Spirited discourse that in some countries would push opponents to blows occurs weekly in Westminster Palace when the House of Commons gathers to question the Prime Minister. This free-wheeling expression is mirrored by the wild but controlled melee that occurs daily, but most popularly on Sundays, at Speakers' Corner in Hyde Park. This is bombast by and for the masses, a place where anyone with a hard shell and a firm opinion can say whatever he or she wants—and receive feedback, in kind.

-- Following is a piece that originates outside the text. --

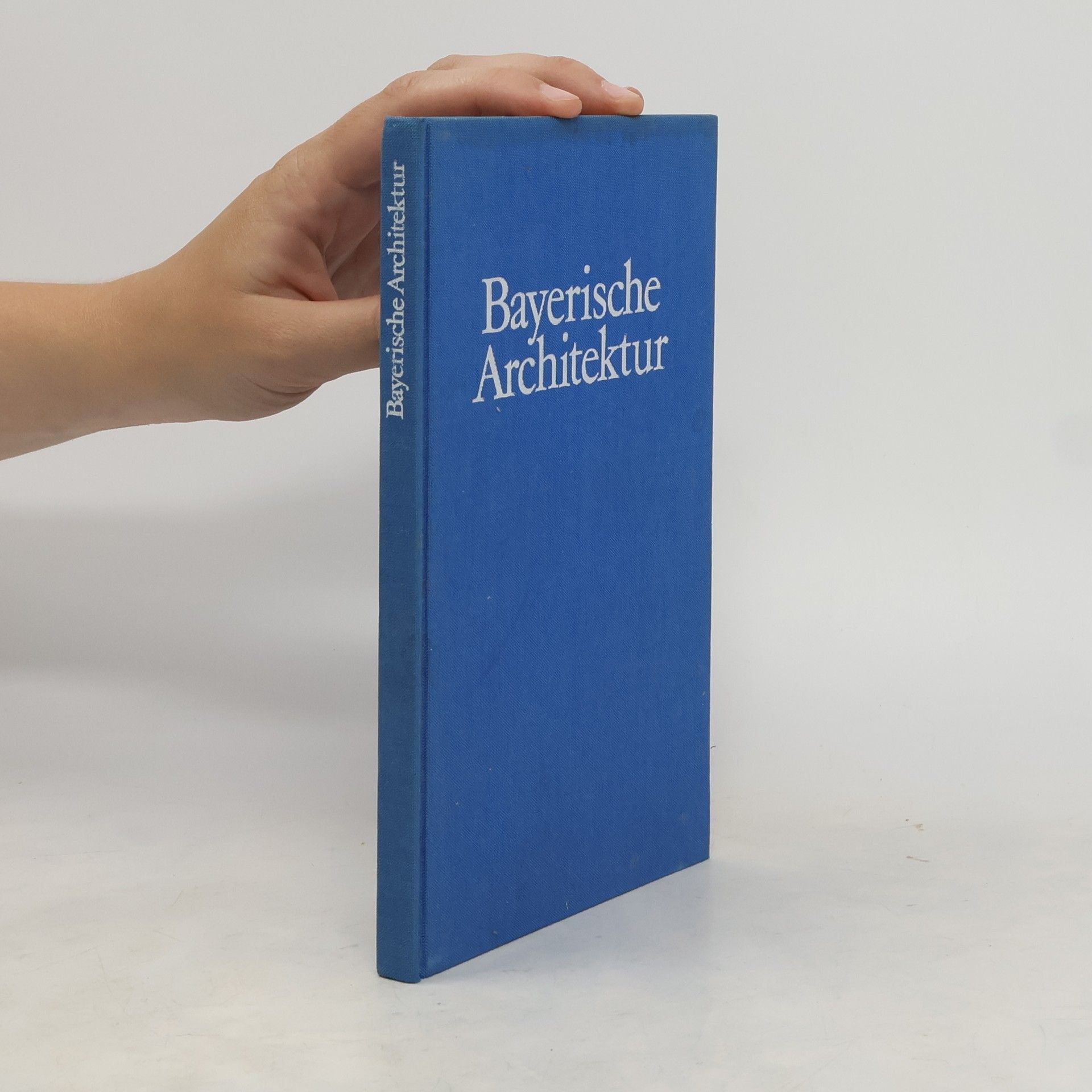 AA.VV. Bayerische Architektur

Speakers' Corner has its roots in the folkmoot (meeting place of the people) that arose in Medieval England. It was a place for the public to express their views and have their say in government. For centuries, London's folkmoot was in the precincts of St. Paul's Cathedral; by 1241, it centered around St. Paul's Cross, near the cathedral's northeast corner. The folkmoot helped give rise to free speech, and continued at St. Paul's Cross until the early 17th century. In the 1850s and 1860s, Hyde Park became a site for demonstrations; in 1872, park authorities officially permitted public meetings there.
Topics have always concerned issues of the day and greater ideas such as freedom, liberty, spiritual bondage, and economic disparity. These days, the rhetoric has become more religious, with zealots going nose to nose. The cultural pressure in today's Britain is clear as Muslims rail against Christians, Jews, and British-American policy in the Middle East, and British standard bearers sound the warning about militant Islam. At Speakers' Corner, proselytizers of all types try to push and pull society to their version of the truth—just like it's always been. Famous people who have spoken here include Karl Marx, Vladimir Lenin, and George Orwell.